DATA section start

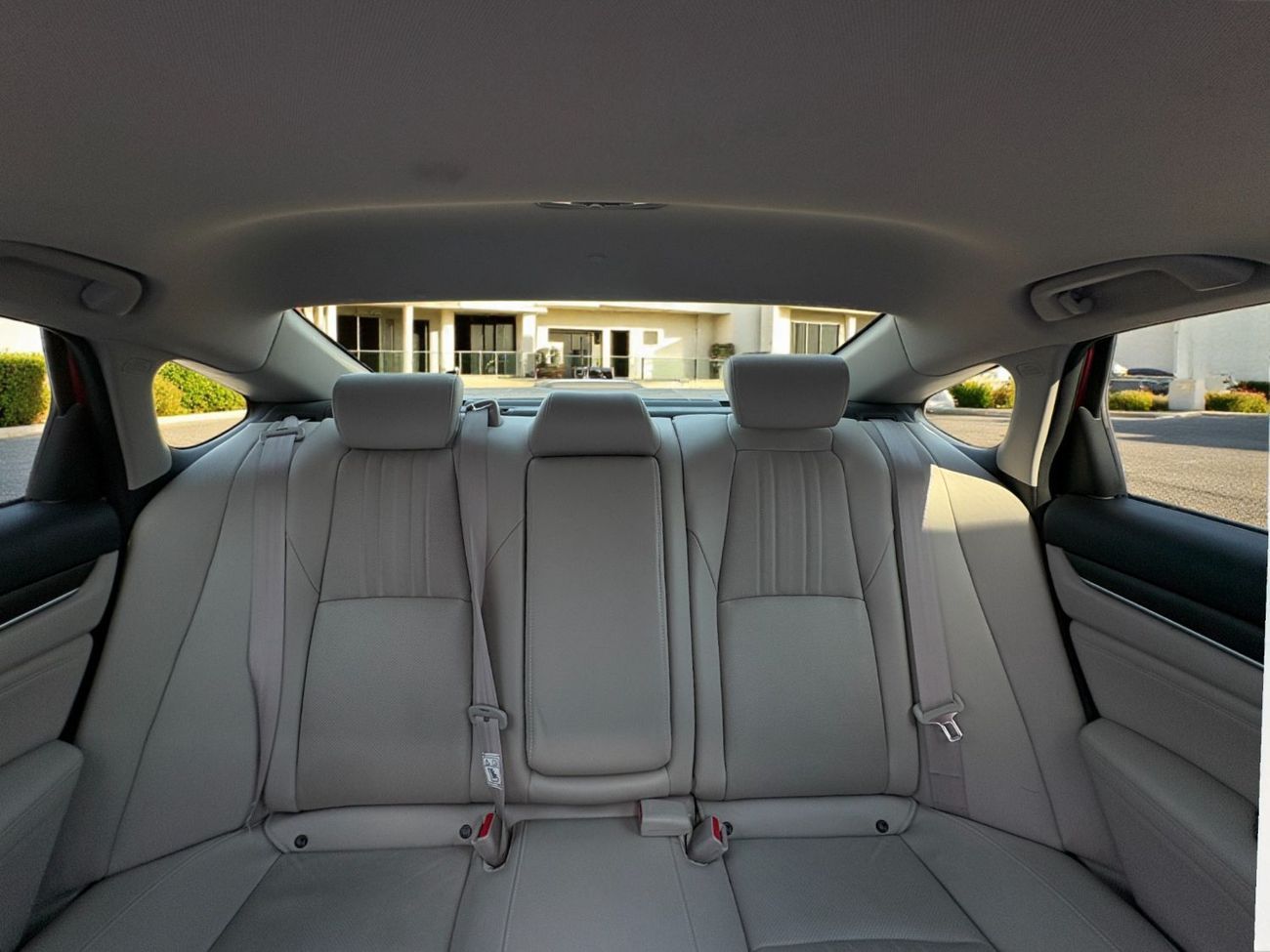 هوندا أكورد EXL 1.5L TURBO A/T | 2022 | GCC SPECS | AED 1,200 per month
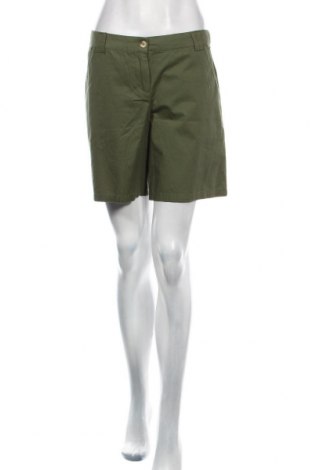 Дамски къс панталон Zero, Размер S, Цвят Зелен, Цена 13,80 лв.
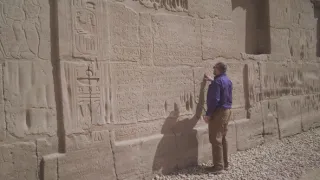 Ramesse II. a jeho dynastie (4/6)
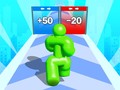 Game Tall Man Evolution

DATA section end

• _EXERCISE INSTRUCTIONS_:
Output the material verbatim, skipping the images.

• _EXERCISE SOLUTION_:
 هوندا أكورد EXL 1.5L TURBO A/T | 2022 | GCC SPECS | AED 1,200 per month
 Дамски къс панталон Zero, Размер S, Цвят Зелен, Цена 13,80 лв.
 Ramesse II. a jeho dynastie (4/6)
 Game Tall Man Evolution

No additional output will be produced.